Pour les Néo-Orléanais, le terme même de Tremé n’a pas toujours fait partie de cette famille de noms qui composent le substrat de la ville.
Que ce soit le folklore, les personnalités historiques, la diversité, la reconnaissance récente par le gouvernement des multiples erreurs d’urbanisme qui ont affecté ce quartier, cette partie de la ville n’a pas fini de nous révéler des histoires vécues, puis oubliées, puis ressuscitées à la faveur des différentes lectures et révisions de l’Histoire de la ville.

Back of Town

C’est ce nom qu’utilisait la population de La Nouvelle-Orléans pour qualifier le quartier avant sa dénomination actuelle.

Au commencement, il y a la plantation Morand, lieu de l’actuel New Orleans African-American Museum, et les forts St. Ferdinand et St. Jean.
Vers la fin du 18ème siècle, un certain Claude Tremé rachète les terres et l’histoire s’accélère. On en restera là pour les origines du nom.
Commence alors la subdivision des terrains dans ce qui sera déjà l’un des quartiers les plus divers sociologiquement dans un pays qui vient de naître.
Nouveaux arrivants venant de toute l’Europe ou personnes libres de couleur, une identité est née.

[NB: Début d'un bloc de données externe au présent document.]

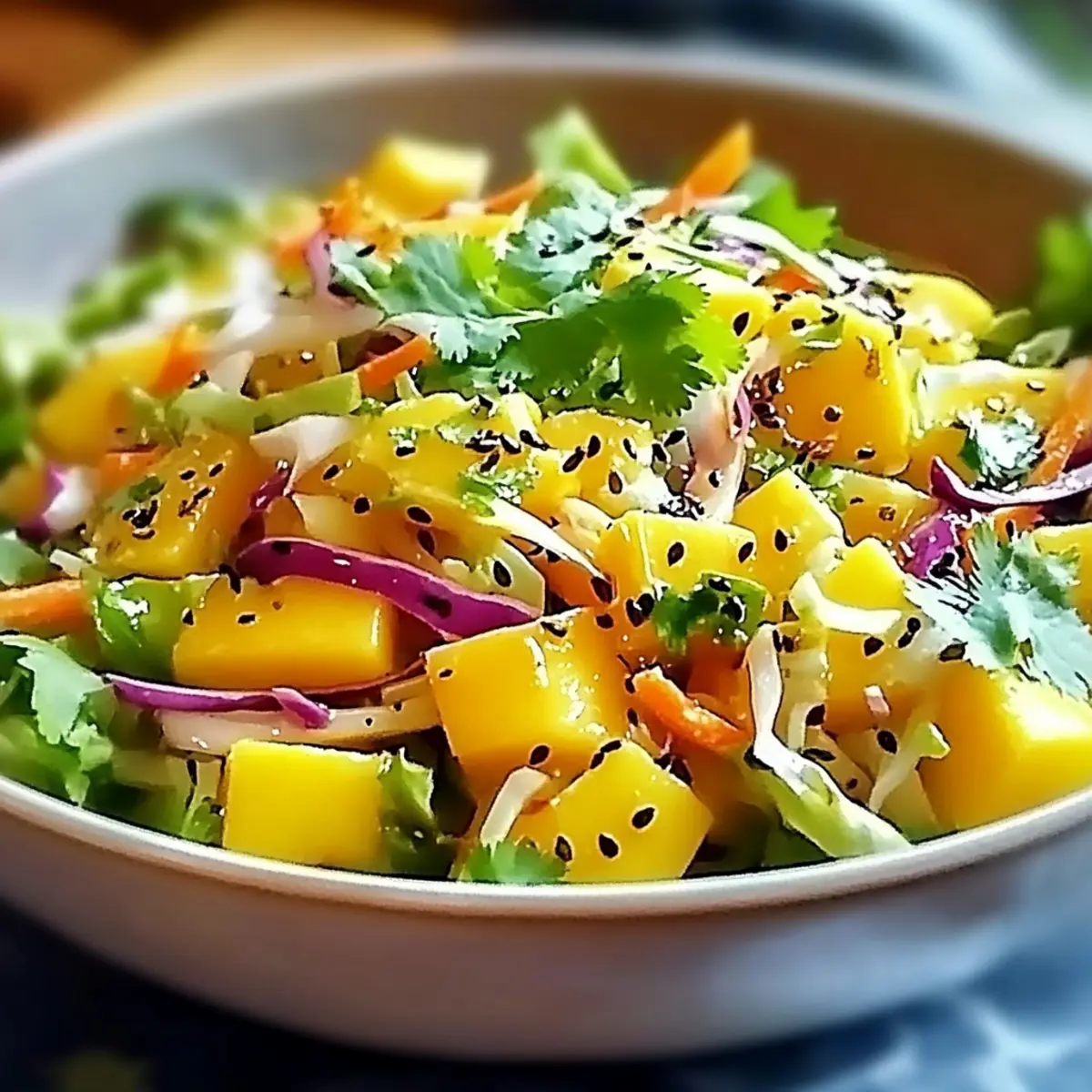 Fresh Pointed Cabbage and Mango Salad for a Crisp Summer Delight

Ce sont justement ces personnes libres de couleur qui vont donner à l’endroit son âme ; le Tremé sera en effet le premier quartier du pays composé en majorité de cette population ; un chaudron où bouillonnent toutes les aspirations d’un peuple protéiforme et où s’expérimentent de nouvelles formes de société.
Un lieu en particulier devient le réceptacle de toutes ces cultures, le Congo Square.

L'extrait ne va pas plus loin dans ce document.